By analyzing existing cross correlation between Sysco and Zhihu Inc ADR, you can compare the effects of market volatilities on Sysco and Zhihu and check how they will diversify away market risk if combined in the same portfolio for a given time horizon. You can also utilize pair trading strategies of matching a long position in Sysco with a short position of Zhihu. Check out your portfolio center. Please also check ongoing floating volatility patterns of Sysco and Zhihu.

Diversification Opportunities for Sysco and Zhihu

0.05
  Correlation Coefficient

Significant diversification

The 3 months correlation between Sysco and Zhihu is 0.05. Overlapping area represents the amount of risk that can be diversified away by holding Sysco and Zhihu Inc ADR in the same portfolio, assuming nothing else is changed. The correlation between historical prices or returns on Zhihu Inc ADR and Sysco is a relative statistical measure of the degree to which these equity instruments tend to move together. The correlation coefficient measures the extent to which returns on Sysco are associated (or correlated) with Zhihu. Values of the correlation coefficient range from -1 to +1, where. The correlation of zero (0) is possible when the price movement of Zhihu Inc ADR has no effect on the direction of Sysco i.e., Sysco and Zhihu go up and down completely randomly.

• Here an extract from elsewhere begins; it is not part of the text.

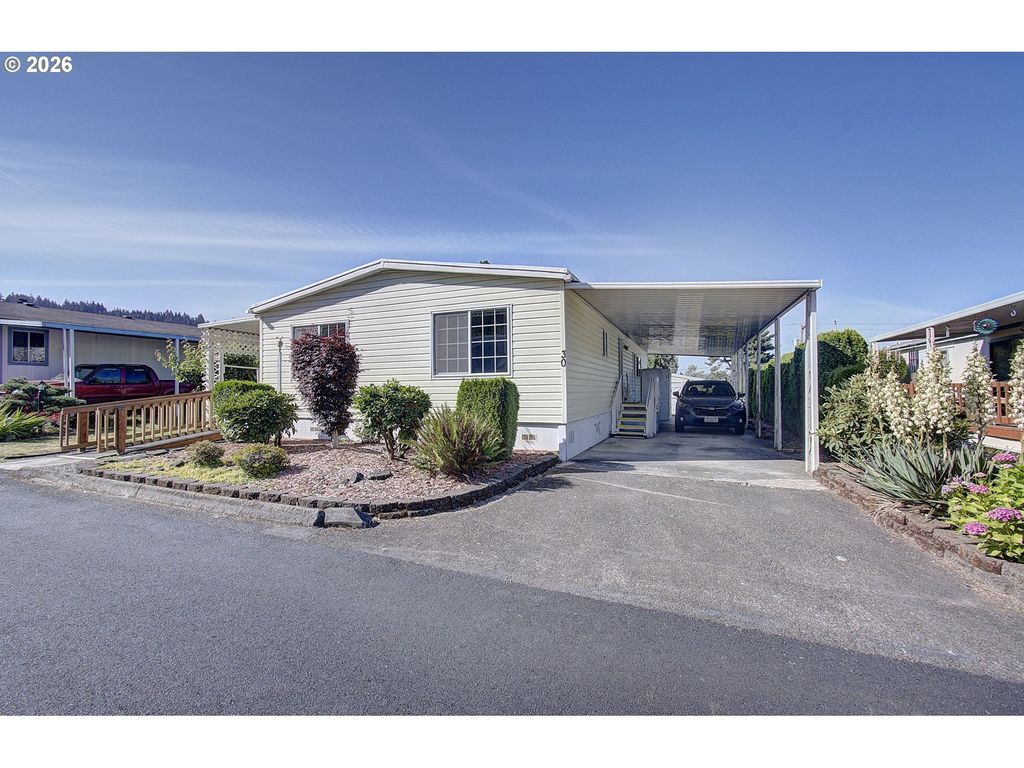 5400 Meeker Dr 30, Kalama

Pair Corralation between Sysco and Zhihu

Considering the 90-day investment horizon Sysco is expected to generate 0.32 times more return on investment than Zhihu. However, Sysco is 3.13 times less risky than Zhihu. It trades about -0.63 of its potential returns per unit of risk. Zhihu Inc ADR is currently generating about -0.32 per unit of risk. If you would invest  8,052  in Sysco on October 10, 2024 and sell it today you would lose (597.00) from holding Sysco or give up 7.41% of portfolio value over 90 days.
Time Period3 Months [change]
DirectionMoves Together 
StrengthInsignificant
Accuracy100.0%
ValuesDaily Returns

Sysco  vs.  Zhihu Inc ADR

 Performance 
       Timeline  
Sysco 

Risk-Adjusted Performance

2 of 100

 
Weak
 
Strong
Weak
Compared to the overall equity markets, risk-adjusted returns on investments in Sysco are ranked lower than 2 (%) of all global equities and portfolios over the last 90 days. In spite of fairly strong basic indicators, Sysco is not utilizing all of its potentials. The latest stock price disturbance, may contribute to short-term losses for the investors.
Zhihu Inc ADR 

Risk-Adjusted Performance

0 of 100

 
Weak
 
Strong
Very Weak
Over the last 90 days Zhihu Inc ADR has generated negative risk-adjusted returns adding no value to investors with long positions. Despite latest unfluctuating performance, the Stock's technical indicators remain strong and the recent confusion on Wall Street may also be a sign of long-lasting gains for the firm traders.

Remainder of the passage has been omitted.